Harmonic problems in 2.4Ghz antenna
I designed a small PCB with BLE (2.4Ghz antenna ). Just for make thing clear i didn't designed the RF part only the digital.and im not an RF guy :) so ill be glad to get some help from you guys.
I using TI CC2640 as transceiver and antenna on chip . when i send the board for EMC test the lab told me that i have few harmonics higher then 40dbm (maximum power aloud in 40 dbm) i added some pictures of the results.
The RF circuit pleased on the CS(layer 1) with grounding layer (layer 2) .The impedance of the RF transmutation line is 50 hoam.
what can be the source of this harmonics ? how can i trace the source?
ill be glad for your help guys, if there is more information that needed please ask and ill upload it.
TNX
Confusing post. Non of the emissions seems to be related to transceiver operation. Particularly they are unlikely radiated by a 2.4 GHz antenna, in so far the thread title is probably missing the topic.

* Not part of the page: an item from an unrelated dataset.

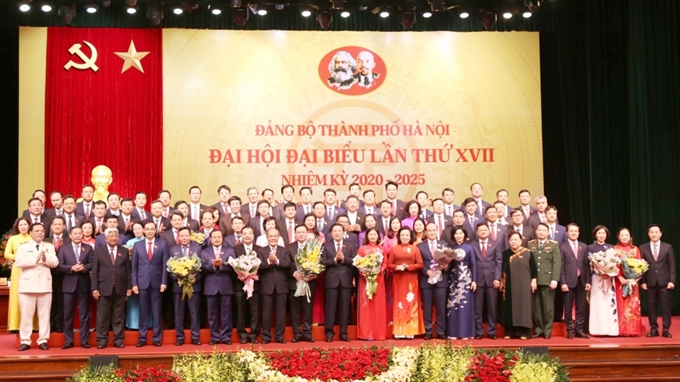 El Comité ejecutivo del Comité del Partido de Hanói, mandato 2020-2025.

There is a certain possibility that the 24 MHz RF oscillator or ARM processor power supply is the interference source, which would indicate a really bad circuit layout. It can be checked by selectively deactivating oscillators, switching CPU frequency etc. A simple spectrum monitoring device is required for this kind of tests.
The other explanation is that you have additional component that are generating the interferences. 108 MHz respectively 12 MHz as a possible fundamental aren't used inside the CC2640 at all. A good tool to locate interference sources is a small pick-up coil.
Hi FVM
thank you for your quick response .
The board include more components such as external ARM processor.and MEMS component.
There is 2 external oscillators on board :
32.768 KHz and 24MHz for CC2640.
for the external ARM i used the builtin oscillator.
regarding the power . the RF guide add decoupling capacitors.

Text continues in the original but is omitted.